My major moment of serendipity in planning this trip was discovering that a guided C.S. Lewis / J.R.R. Tolkien walking tour — which is only offered six or so times per year — was happening on the precise day that we had decided to visit Oxford. What a treat!
Before the walking tour, we made our way down St. Aldate’s to Broad Walk and the entrance to Christ Church Meadow, searching for a spot to eat lunch. We meandered down Poplar Walk until we found an area less crowded with lunching tourists, and made for a spot with some obliging tree trunks to serve as seats. I remember Austin saying, “You literally cannot get any greener than this!” — and he was absolutely right. Sunlight dappled through the leaves of trees, making the meadow look even more brilliantly green than it would on a grey day. Megan flopped down on the grass under a weeping willow tree and took a video, which sums up why I simply don’t have the words to describe this idyllic place.
After enjoying our picnic in Christ Church Meadow, we made our way back to the starting point of our walking tour; our tour guide arrived shortly and introduced himself as Alistair. I still cannot believe how absolutely perfect he was — an Oxford don himself, tall and wiry, old enough to have thinning grey hair and hearing aids but still with an abundance of enthusiasm for his city. He wore a suit jacket over slacks and a blue polo shirt, and glasses that hung from a chain around his neck.

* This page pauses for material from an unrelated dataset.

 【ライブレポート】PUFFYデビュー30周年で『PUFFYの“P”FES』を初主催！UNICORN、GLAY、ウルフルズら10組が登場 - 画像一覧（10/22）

For the next 2 hours, we followed Alistair all over Oxford, our little tour group trailing behind his brisk walk like so many ducklings. Sometimes walking tour guides think they’re the cat’s meow when really they’re unbearably dull, but Alistair was a wealth of information and a quick wit, and we loved him. His affection for Tolkien and Lewis and the rest of the Inklings became evident, and I was enthralled listening to someone with such vast knowledge, who had obviously studied my literary idols in great depth. I wanted to listen well and think deeply and ask intelligent questions, but mostly I could only manage a silly grin of sheer delight and try to drink it all in.
We milled through the busy streets of Oxford, inside beautiful Exeter College (Tolkien’s college), and paused outside the Eagle & Child pub, favorite haunt of the Inklings, a group of writers (notable members included Lewis, Tolkien, and also Charles Williams) who would meet weekly to read and discuss their work. I spotted the “bird & baby” (a nickname coined by the Inklings) sign from a distance and started squealing to Megan, “I see it! I see it!!!”
I cannot even describe the giddy delight I felt standing in the famous Rabbit Room, where Lewis and Tolkien and the rest would meet. I could have sat in that room for hours and just observed every detail. We later went back after the tour and ate at Eagle & Child, which thrilled me almost more than I could bear.
One final highlight before we headed back to London was to see a wonderful exhibition at the Weston Library, formerly the New Bodleian Library, where we got to see, among other breathtaking displays, Tolkien’s original dustjacket design for The Hobbit, complete with his handwritten notes to the publisher in the margins. I must have grinned for 5 full minutes after we came out of the exhibition room.
In short, Oxford was pure magic. Our brief day evaporated all too quickly, and I wanted to stay for a week instead of a day, but thanks to the walking tour, we hit an impressive number of highlights for one day. I still dream of the change to live and study in Oxford one day — a chance I would absolutely jump at!
Have you visited Oxford? What sites did you enjoy?!